[Extracted data]

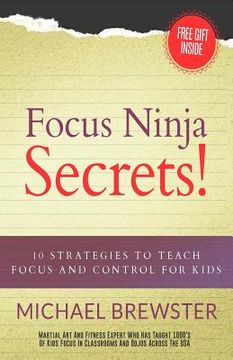 portada Focus Ninja Secrets!: 10 Strategies to Teach Focus and Control for Kids (en Inglés)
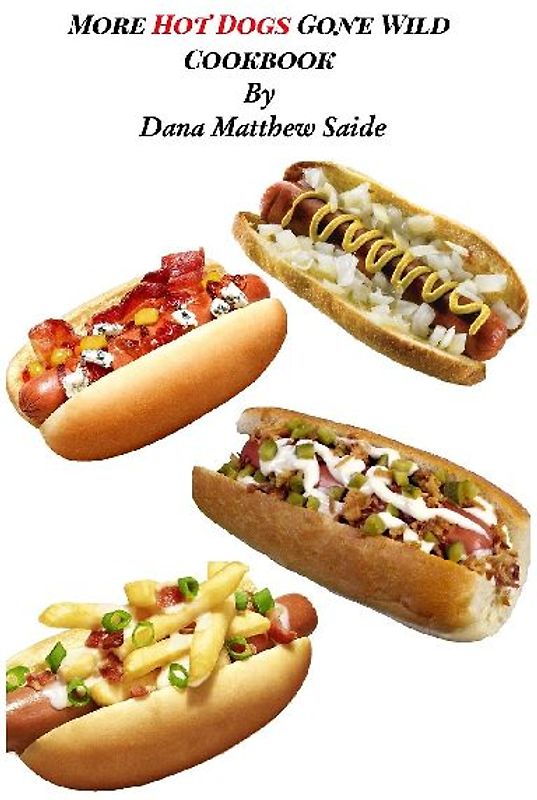 More Hot Dogs Gone Wild Cookbook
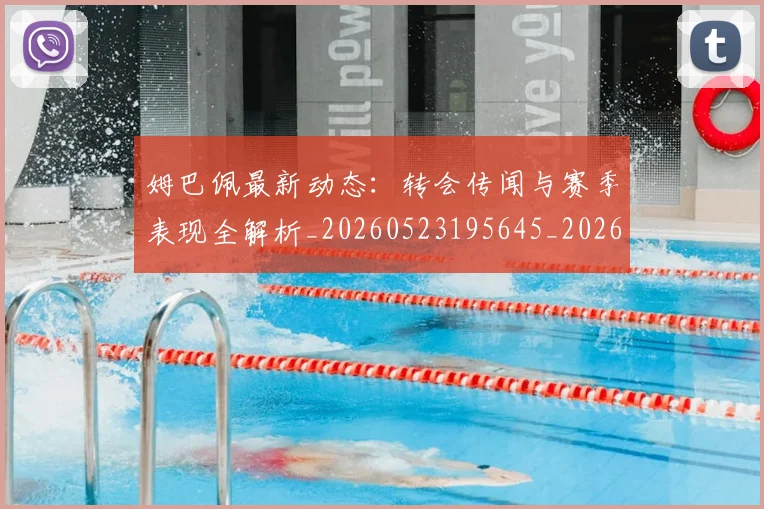 姆巴佩最新动态:转会传闻与赛季表现全解析_20260523195645_20260703231743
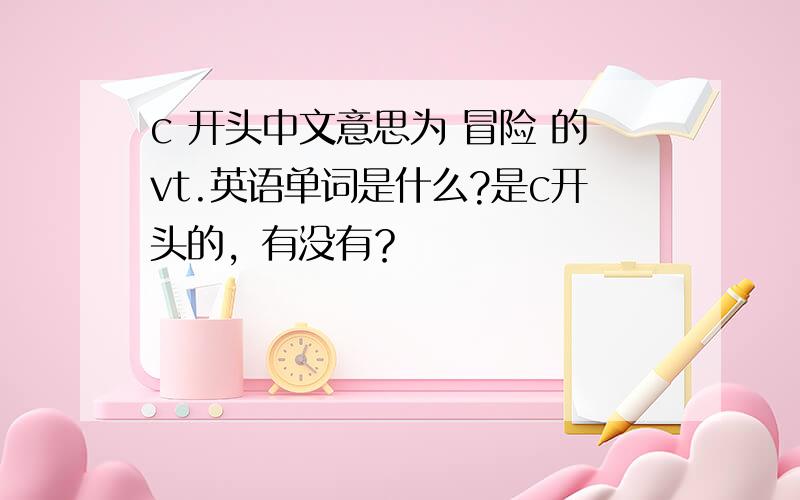 c 开头中文意思为 冒险 的vt.英语单词是什么?是c开头的，有没有？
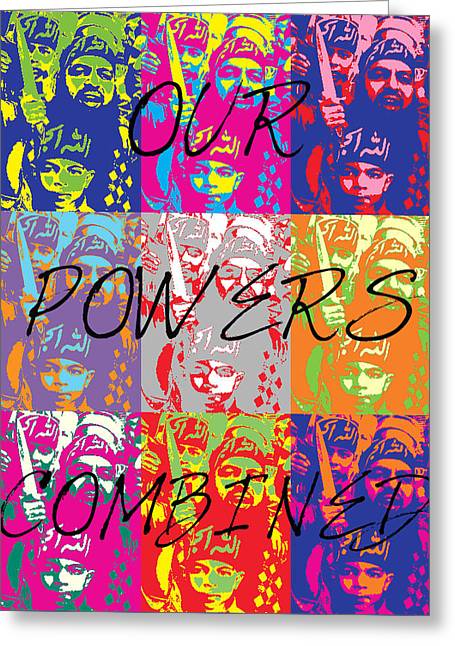 Our Powers Combined - Greeting Card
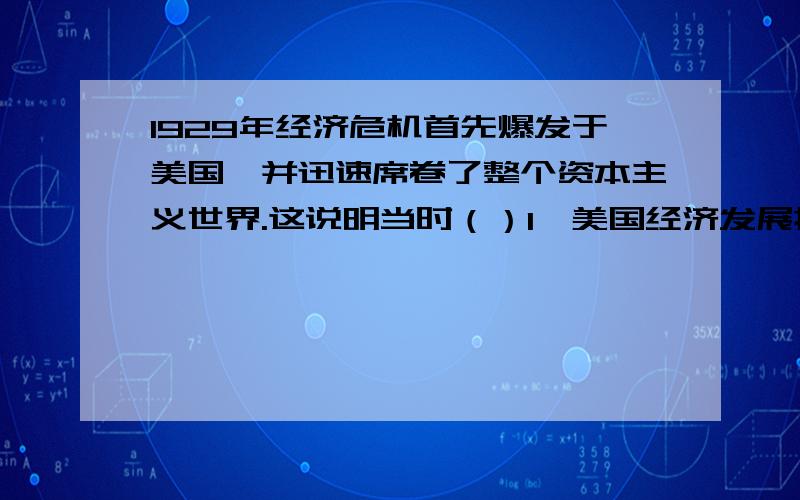 1929年经济危机首先爆发于美国,并迅速席卷了整个资本主义世界.这说明当时（）1、美国经济发展持续萧条2、世界各国互相依存日益加深3、美国经济对资本主义世界经济的影响力大4、资本主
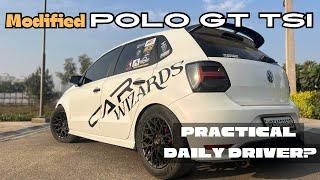 रोज़ चलाने को BEST CAR- IS MODIFIED POLO GT TSI A PRACTICAL DAILY DRIVER?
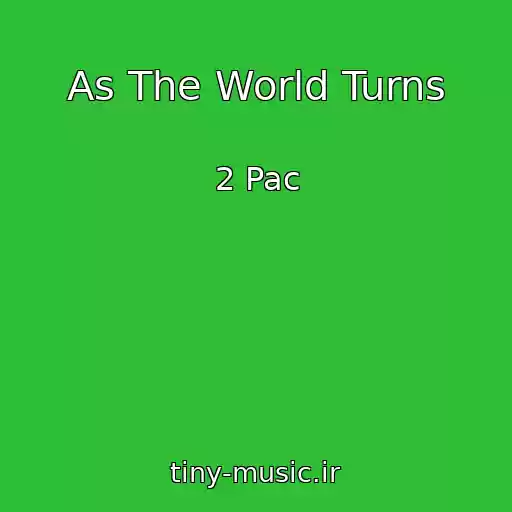 کاور آهنگ As The World Turns از 2 Pac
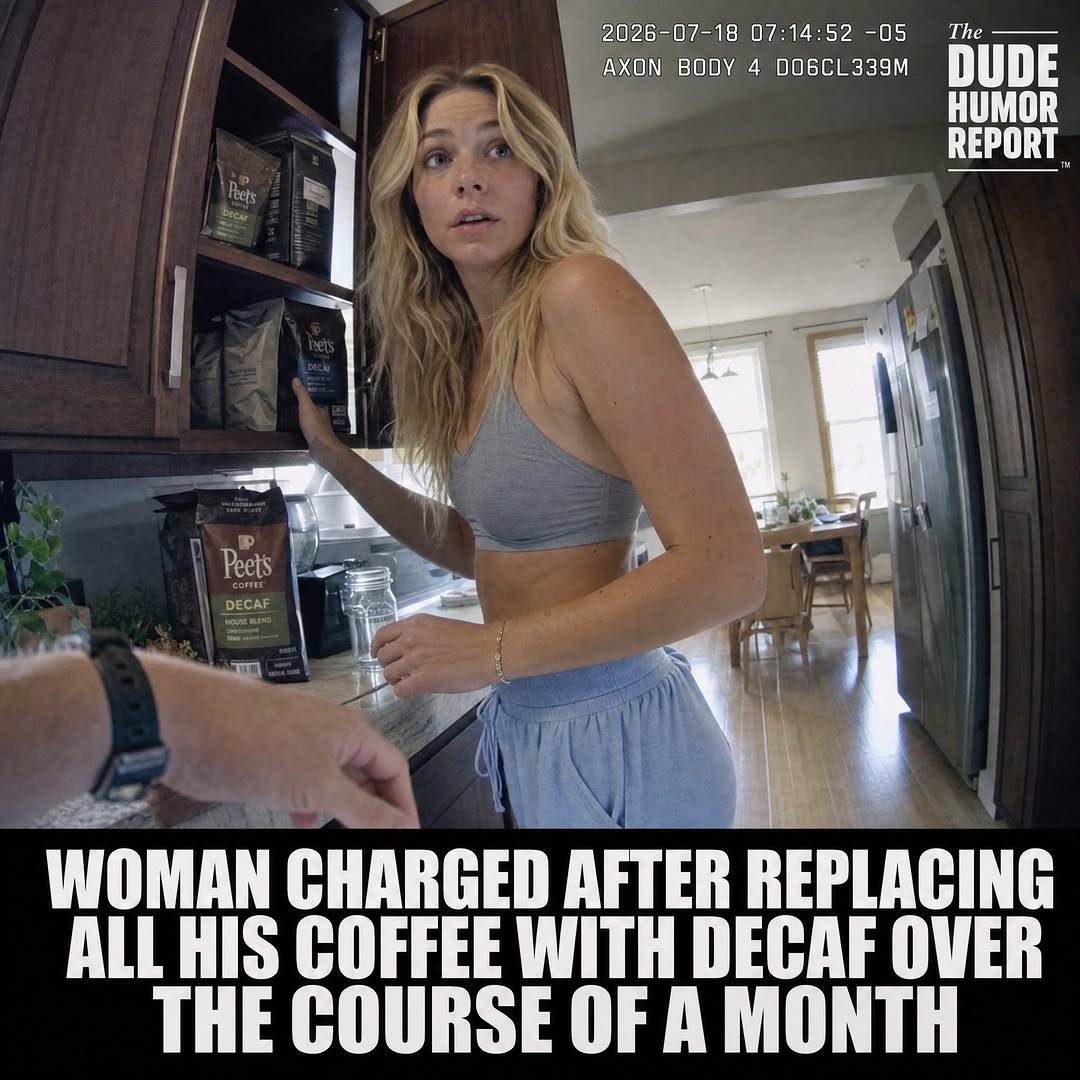 LOCAL RESIDENT TAYLOR ASHBURY, 29, WAS CHARGED AFTER GRADUALLY REPLACING EVERY BAG OF COFFEE IN HER EX-BOYFRIEND'S HOME WITH DECAF OVER THE COURSE OF FOUR WEEKS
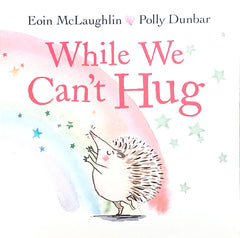While we can't hug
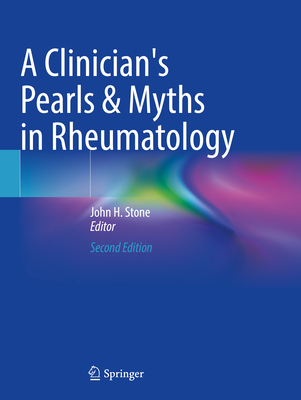 A Clinician's Pearls & Myths in Rheumatology - Stone, John H. (Editor)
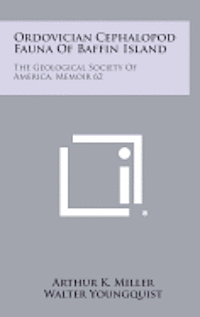 bokomslag Ordovician Cephalopod Fauna of Baffin Island: The Geological Society of America, Memoir 62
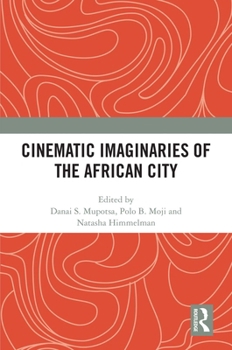 Paperback Cinematic Imaginaries of the African City Book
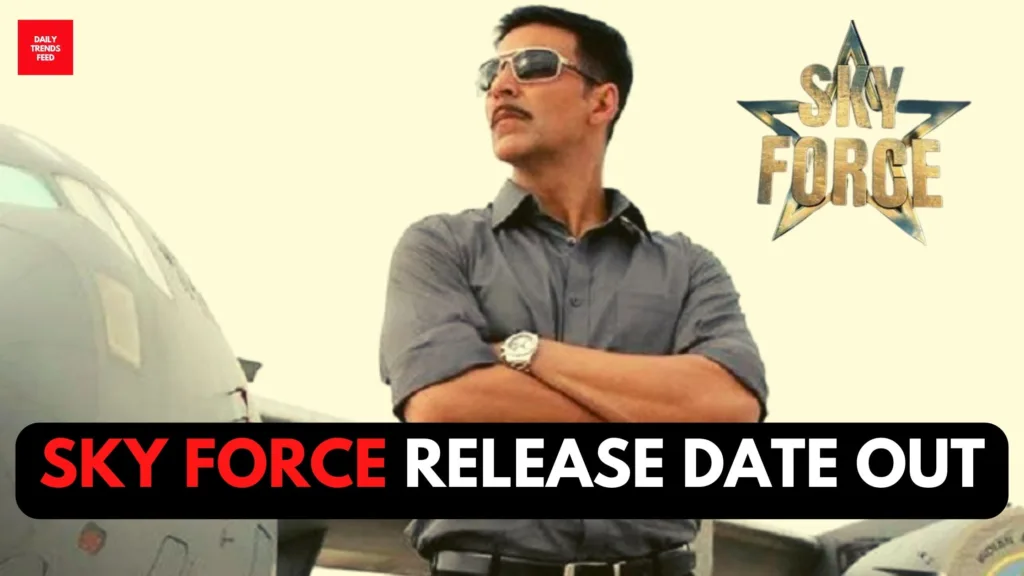 Akshay Kumar's Sky Force Release Date Out! Check More Deets!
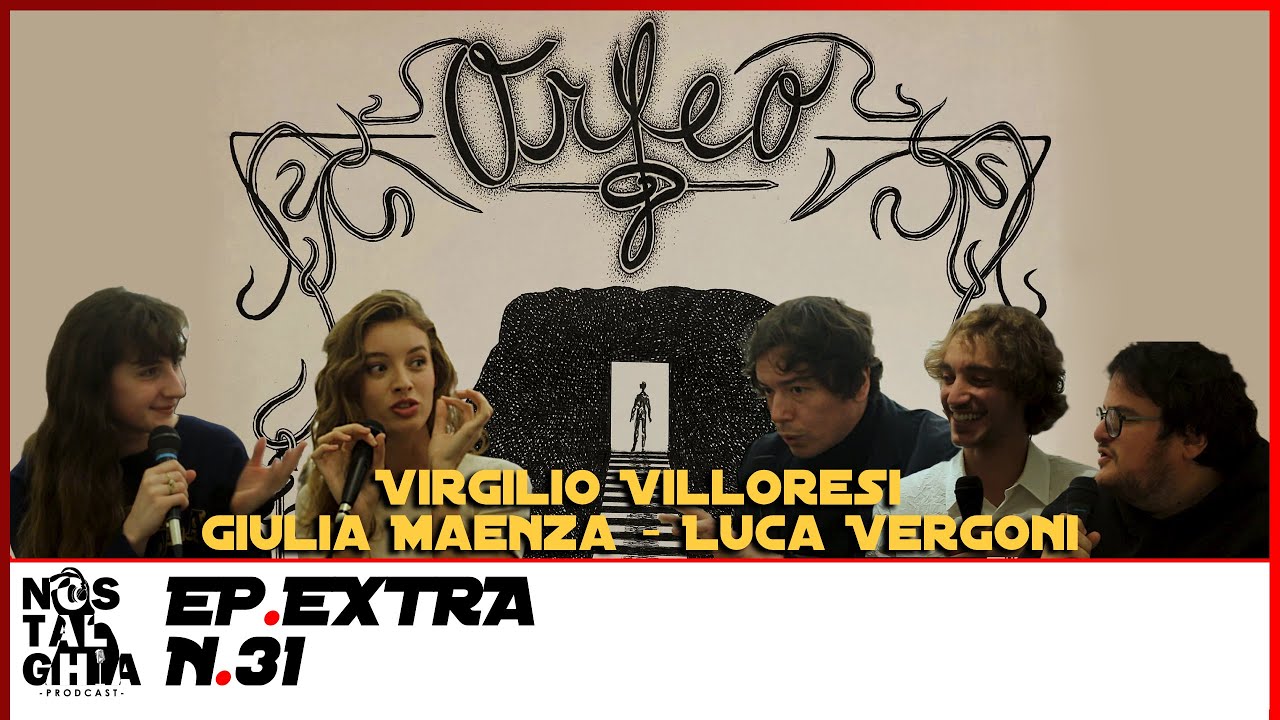 Ep. Extra N. 31 - ORFEO con Virgilio Villoresi, Giulia Maenza e Luca Vergoni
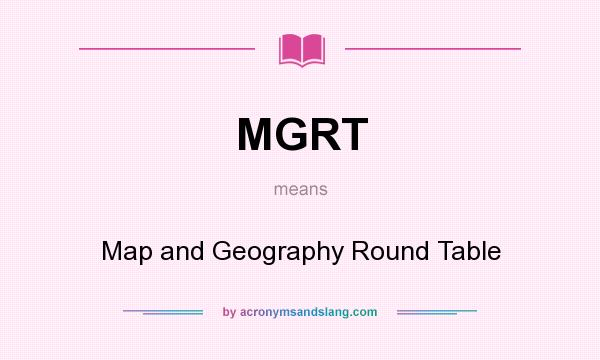 What does MGRT mean? It stands for Map and Geography Round Table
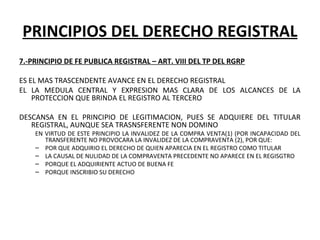 PRINCIPIOS DEL DERECHO REGISTRAL
7.-PRINCIPIO DE FE PUBLICA REGISTRAL – ART. VIII DEL TP DEL RGRP
ES EL MAS TRASCENDENTE AVANCE EN EL DERECHO REGISTRAL
EL  LA  MEDULA  CENTRAL  Y  EXPRESION  MAS  CLARA  DE  LOS  ALCANCES  DE  LA 
PROTECCION QUE BRINDA EL REGISTRO AL TERCERO
DESCANSA  EN  EL  PRINCIPIO  DE  LEGITIMACION,  PUES  SE  ADQUIERE  DEL  TITULAR 
REGISTRAL, AUNQUE SEA TRASNSFERENTE NON DOMINO
EN VIRTUD DE ESTE PRINCIPIO LA INVALIDEZ DE LA COMPRA VENTA(1) (POR INCAPACIDAD DEL 
TRANSFERENTE NO PROVOCARA LA INVALIDEZ DE LA COMPRAVENTA (2), POR QUE:
– POR QUE ADQUIRIO EL DERECHO DE QUIEN APARECIA EN EL REGISTRO COMO TITULAR
– LA CAUSAL DE NULIDAD DE LA COMPRAVENTA PRECEDENTE NO APARECE EN EL REGISGTRO
– PORQUE EL ADQUIRIENTE ACTUO DE BUENA FE
– PORQUE INSCRIBIO SU DERECHO
 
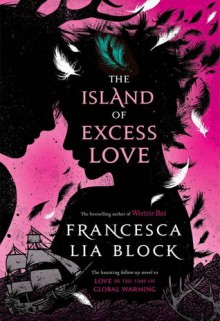 The Island of Excess Love - Francesca Lia Block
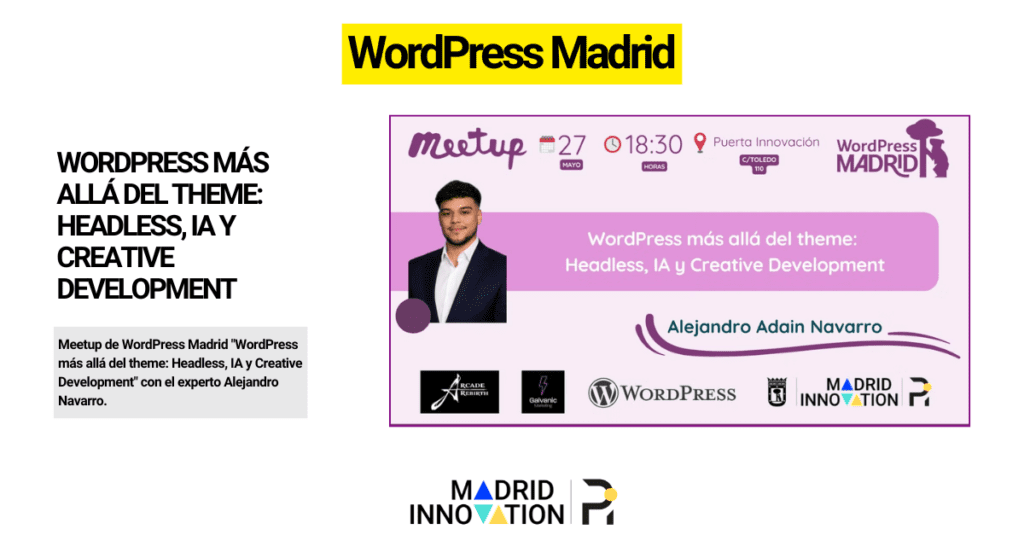 Meetup de WordPress Madrid "WordPress más allá del theme: Headless, IA y Creative Development" con el experto Alejandro Navarro.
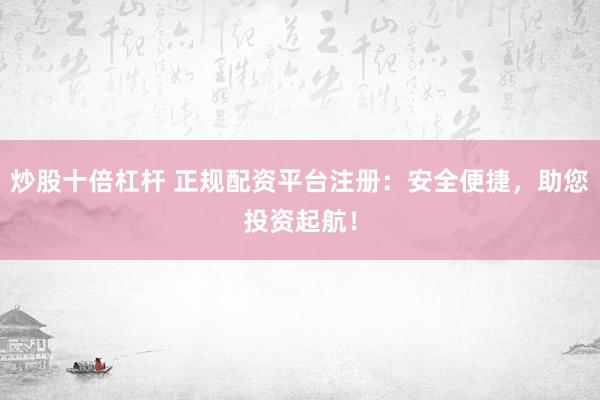 炒股十倍杠杆 正规配资平台注册：安全便捷，助您投资起航！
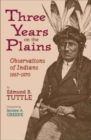 Three Years on the Plains : Observations of Indians, 1867-1870 - Book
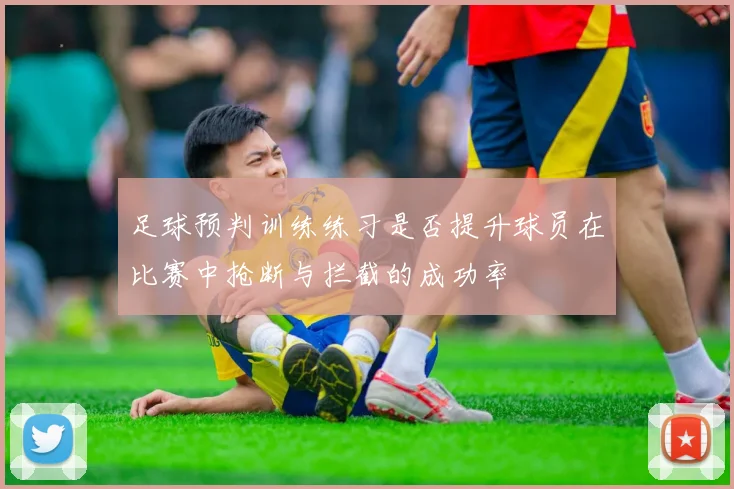 足球预判训练练习是否提升球员在比赛中抢断与拦截的成功率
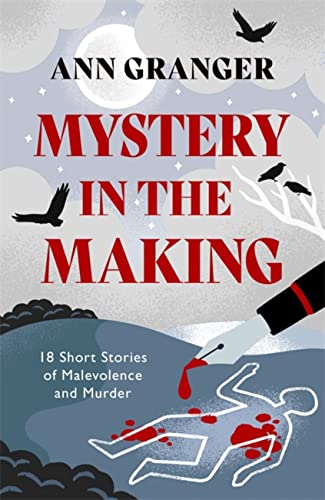 Mystery in the Making: Eighteen Short Stories of Murder, Mystery and Mayhem von Headline Book Publishing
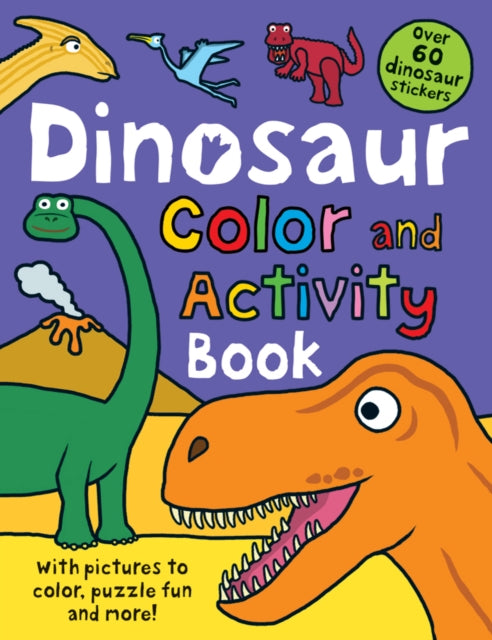 Color and Activity Books Dinosaur: With Over 60 Stickers, Pictures to Color, Puzzle Fun and More!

[/Extracted data]

▶ _Required action_: Print only the lines from the opening line of the listing to the line containing "c 开头中文意思为 冒险 的vt.英语单词是什么?是c开头的，有没有？", inclusive, exactly as they appear and without pictures.

▶ _Response to this exercise_:
 portada Focus Ninja Secrets!: 10 Strategies to Teach Focus and Control for Kids (en Inglés)
 More Hot Dogs Gone Wild Cookbook
 姆巴佩最新动态:转会传闻与赛季表现全解析_20260523195645_20260703231743
 c 开头中文意思为 冒险 的vt.英语单词是什么?是c开头的，有没有？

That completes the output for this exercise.